Pictures stay out of the copy; output exactly the lines from the one containing "Amazon｜キューブボックスα 棚付き用 インナーボックス 浅型2杯セット" through the end of the material.

=== SUPPLIED INFORMATION ===
+---+
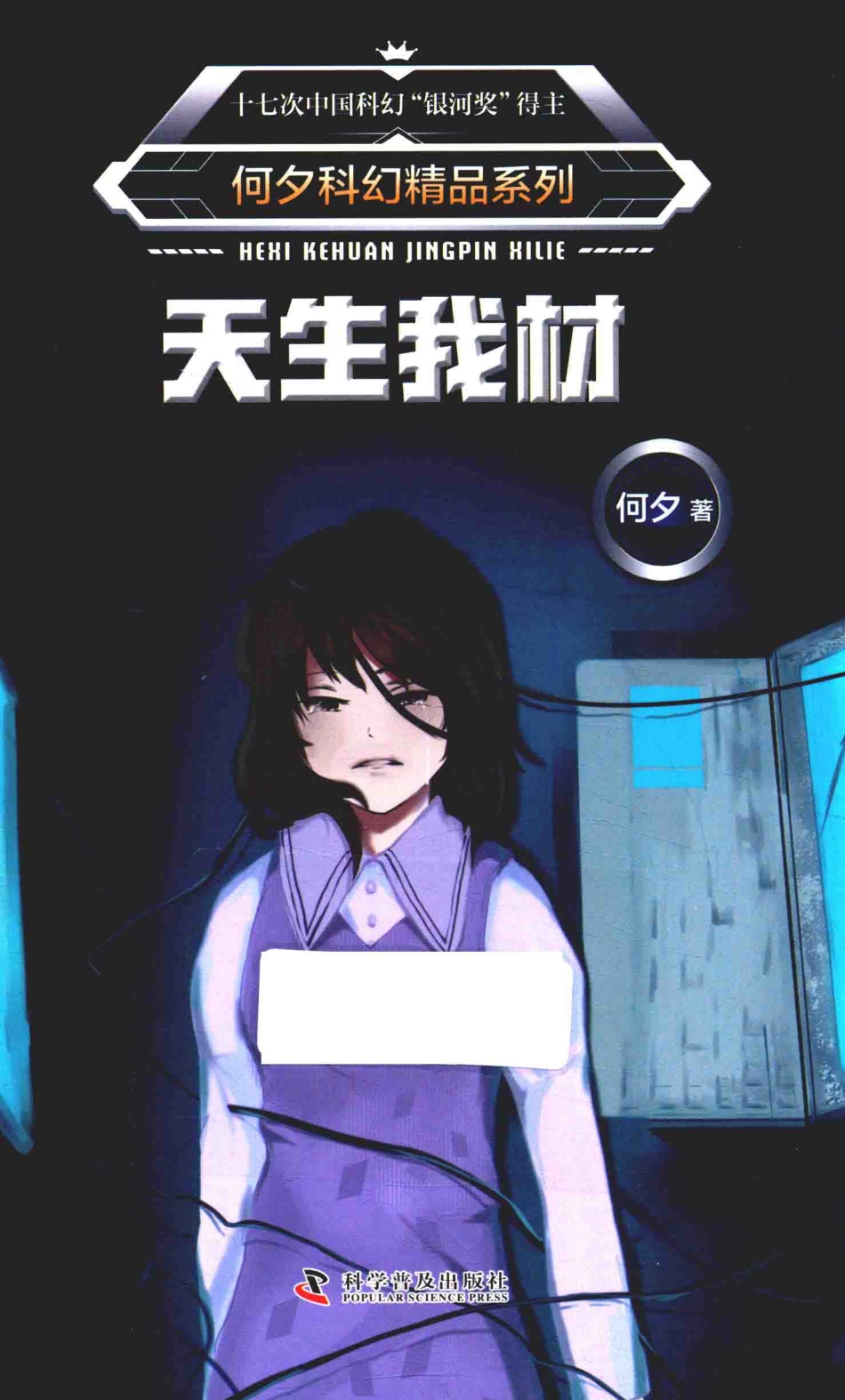 何夕科幻精品系列天生我材_何夕著.pdf_第1页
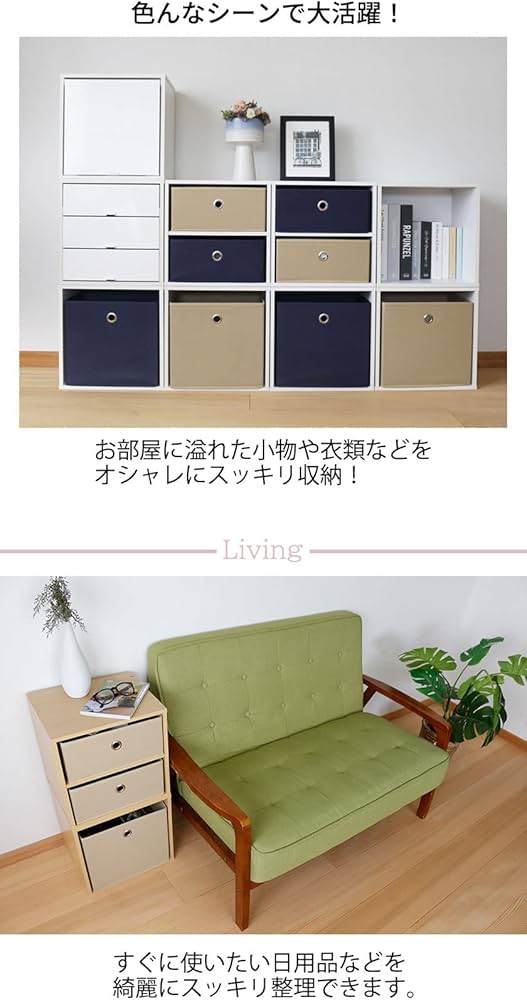 Amazon｜キューブボックスα 棚付き用 インナーボックス 浅型2杯セット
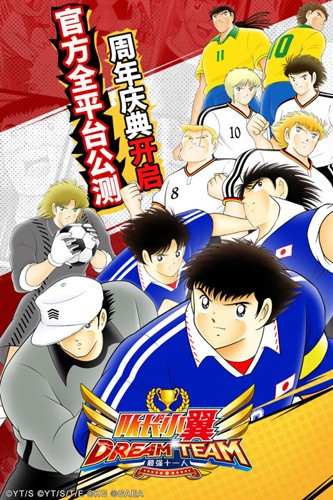 隊長小翼最強十一人國際版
+---+
=== YOUR SOLUTION ===
 Amazon｜キューブボックスα 棚付き用 インナーボックス 浅型2杯セット
 隊長小翼最強十一人國際版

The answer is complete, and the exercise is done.